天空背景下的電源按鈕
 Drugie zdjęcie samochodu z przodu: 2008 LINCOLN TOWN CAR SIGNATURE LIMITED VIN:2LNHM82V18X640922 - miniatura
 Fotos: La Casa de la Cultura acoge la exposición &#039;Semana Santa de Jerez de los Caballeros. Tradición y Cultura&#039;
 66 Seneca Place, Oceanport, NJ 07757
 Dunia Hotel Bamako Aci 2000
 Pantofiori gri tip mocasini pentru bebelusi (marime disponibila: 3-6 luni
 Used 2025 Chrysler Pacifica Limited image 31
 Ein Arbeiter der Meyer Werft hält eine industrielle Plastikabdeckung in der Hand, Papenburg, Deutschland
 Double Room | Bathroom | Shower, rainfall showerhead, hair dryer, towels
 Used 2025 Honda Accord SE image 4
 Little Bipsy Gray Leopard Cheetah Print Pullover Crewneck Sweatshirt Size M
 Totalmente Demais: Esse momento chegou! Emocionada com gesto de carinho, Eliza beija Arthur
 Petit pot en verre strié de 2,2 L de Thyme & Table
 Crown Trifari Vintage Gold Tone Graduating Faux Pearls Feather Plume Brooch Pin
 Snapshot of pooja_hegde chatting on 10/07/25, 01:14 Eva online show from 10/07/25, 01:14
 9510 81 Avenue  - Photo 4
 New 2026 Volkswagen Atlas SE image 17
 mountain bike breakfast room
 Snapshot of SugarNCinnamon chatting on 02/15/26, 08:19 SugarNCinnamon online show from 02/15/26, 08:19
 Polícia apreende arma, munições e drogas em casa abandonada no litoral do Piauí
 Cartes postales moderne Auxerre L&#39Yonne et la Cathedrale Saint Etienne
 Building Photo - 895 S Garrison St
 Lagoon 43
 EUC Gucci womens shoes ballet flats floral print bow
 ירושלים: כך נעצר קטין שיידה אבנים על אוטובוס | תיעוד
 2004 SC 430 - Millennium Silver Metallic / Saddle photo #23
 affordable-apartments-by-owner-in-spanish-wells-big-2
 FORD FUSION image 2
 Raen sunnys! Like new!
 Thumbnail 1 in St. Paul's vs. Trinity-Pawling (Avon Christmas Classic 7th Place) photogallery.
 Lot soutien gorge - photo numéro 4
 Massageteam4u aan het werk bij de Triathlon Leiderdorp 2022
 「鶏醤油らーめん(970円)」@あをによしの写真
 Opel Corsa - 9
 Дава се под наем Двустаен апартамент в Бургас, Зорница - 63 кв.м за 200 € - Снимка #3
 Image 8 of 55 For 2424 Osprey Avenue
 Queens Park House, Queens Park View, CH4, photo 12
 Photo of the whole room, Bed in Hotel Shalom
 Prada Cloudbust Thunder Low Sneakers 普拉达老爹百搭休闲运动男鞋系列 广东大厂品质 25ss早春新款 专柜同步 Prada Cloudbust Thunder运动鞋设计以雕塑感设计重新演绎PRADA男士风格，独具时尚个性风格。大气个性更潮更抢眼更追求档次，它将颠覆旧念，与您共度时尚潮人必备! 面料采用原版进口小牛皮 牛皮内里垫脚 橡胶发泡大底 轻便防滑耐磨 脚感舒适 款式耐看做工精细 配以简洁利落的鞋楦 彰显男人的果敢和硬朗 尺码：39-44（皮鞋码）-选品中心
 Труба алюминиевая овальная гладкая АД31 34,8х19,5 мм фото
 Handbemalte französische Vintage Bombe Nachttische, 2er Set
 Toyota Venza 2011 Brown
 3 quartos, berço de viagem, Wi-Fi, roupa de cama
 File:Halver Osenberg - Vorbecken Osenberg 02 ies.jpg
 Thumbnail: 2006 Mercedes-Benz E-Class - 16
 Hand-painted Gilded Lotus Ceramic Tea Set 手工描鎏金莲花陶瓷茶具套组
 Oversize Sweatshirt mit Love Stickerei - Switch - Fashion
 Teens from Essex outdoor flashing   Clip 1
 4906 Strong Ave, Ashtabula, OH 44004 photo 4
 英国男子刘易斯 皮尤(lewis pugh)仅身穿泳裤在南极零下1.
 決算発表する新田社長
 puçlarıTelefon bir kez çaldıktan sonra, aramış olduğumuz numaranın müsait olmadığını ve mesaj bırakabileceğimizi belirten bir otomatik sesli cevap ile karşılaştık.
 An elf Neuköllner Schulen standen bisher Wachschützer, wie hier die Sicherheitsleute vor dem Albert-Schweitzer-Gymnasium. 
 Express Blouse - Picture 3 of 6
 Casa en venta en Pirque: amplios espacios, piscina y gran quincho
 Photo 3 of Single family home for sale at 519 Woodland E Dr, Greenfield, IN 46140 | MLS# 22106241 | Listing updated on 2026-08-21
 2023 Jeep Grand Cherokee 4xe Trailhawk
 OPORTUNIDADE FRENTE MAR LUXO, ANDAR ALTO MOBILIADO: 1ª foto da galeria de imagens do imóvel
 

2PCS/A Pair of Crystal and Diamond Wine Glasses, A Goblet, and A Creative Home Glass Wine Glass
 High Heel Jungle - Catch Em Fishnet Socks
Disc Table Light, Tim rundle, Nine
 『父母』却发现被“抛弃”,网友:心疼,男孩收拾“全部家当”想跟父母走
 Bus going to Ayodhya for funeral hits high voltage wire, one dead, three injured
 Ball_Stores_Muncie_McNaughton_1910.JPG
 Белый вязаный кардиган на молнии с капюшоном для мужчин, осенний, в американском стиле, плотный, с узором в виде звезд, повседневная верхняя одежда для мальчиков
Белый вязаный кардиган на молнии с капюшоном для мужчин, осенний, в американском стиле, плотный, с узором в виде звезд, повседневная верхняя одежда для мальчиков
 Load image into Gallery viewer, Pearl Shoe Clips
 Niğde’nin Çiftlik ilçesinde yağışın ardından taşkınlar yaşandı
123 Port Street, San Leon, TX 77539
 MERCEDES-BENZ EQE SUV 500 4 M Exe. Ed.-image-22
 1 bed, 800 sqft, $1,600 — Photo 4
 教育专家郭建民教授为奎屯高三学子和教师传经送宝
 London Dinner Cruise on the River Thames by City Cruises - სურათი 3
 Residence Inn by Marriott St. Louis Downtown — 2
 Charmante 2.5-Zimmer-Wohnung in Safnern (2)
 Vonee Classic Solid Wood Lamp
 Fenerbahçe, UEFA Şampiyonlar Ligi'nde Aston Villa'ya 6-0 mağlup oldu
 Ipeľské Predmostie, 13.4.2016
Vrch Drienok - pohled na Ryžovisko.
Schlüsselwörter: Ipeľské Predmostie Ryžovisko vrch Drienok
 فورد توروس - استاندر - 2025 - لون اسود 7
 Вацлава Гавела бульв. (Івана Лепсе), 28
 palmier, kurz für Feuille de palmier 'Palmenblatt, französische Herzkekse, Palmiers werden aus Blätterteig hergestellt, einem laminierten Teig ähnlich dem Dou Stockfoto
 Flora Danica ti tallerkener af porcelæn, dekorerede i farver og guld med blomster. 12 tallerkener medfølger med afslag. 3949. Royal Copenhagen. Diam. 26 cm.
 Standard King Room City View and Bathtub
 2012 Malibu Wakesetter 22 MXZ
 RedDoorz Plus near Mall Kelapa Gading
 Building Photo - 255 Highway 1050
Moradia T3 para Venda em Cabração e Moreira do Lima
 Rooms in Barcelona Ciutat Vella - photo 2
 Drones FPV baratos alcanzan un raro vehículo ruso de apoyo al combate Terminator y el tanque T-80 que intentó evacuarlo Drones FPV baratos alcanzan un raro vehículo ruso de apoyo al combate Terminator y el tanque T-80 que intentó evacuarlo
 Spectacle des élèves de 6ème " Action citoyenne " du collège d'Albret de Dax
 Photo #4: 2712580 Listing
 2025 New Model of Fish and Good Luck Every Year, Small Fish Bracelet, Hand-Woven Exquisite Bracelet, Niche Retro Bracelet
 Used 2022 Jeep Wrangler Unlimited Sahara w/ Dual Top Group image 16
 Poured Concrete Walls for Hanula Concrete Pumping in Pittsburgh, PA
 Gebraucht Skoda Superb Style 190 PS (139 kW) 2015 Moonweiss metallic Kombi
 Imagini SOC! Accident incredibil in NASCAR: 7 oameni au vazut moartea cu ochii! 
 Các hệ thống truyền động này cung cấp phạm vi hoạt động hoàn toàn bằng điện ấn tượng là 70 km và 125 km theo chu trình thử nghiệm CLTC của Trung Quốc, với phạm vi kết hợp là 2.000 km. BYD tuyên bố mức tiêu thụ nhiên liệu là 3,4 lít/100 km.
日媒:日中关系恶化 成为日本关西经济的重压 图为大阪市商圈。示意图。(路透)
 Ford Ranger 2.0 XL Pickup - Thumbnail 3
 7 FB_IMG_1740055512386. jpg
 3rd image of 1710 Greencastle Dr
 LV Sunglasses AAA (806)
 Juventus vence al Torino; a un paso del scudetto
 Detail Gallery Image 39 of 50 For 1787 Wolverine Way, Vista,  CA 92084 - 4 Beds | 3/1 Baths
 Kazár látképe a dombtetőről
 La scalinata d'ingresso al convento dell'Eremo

::::::::

_EXERCISE DESCRIPTION_: Please retype the top of the data exactly, down to and including the line that holds "Dunia Hotel Bamako Aci 2000", and nothing further.

_TASK RESULT_:
天空背景下的電源按鈕
 Drugie zdjęcie samochodu z przodu: 2008 LINCOLN TOWN CAR SIGNATURE LIMITED VIN:2LNHM82V18X640922 - miniatura
 Fotos: La Casa de la Cultura acoge la exposición &#039;Semana Santa de Jerez de los Caballeros. Tradición y Cultura&#039;
 66 Seneca Place, Oceanport, NJ 07757
 Dunia Hotel Bamako Aci 2000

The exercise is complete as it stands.